** WHAT TO DO **
Since only a count is wanted, work out how many lines in the material below contain the word "with" and return that number.

** EXERCISE INPUT **

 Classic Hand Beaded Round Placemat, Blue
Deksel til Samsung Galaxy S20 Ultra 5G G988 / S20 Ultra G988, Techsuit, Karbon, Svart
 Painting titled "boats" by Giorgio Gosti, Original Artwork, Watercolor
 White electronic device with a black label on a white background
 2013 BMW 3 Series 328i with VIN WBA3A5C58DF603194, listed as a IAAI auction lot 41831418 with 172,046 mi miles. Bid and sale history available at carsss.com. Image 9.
* * *
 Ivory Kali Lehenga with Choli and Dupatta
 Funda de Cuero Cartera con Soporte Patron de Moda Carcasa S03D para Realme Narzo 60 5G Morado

** RESULT FOR THIS TASK **
3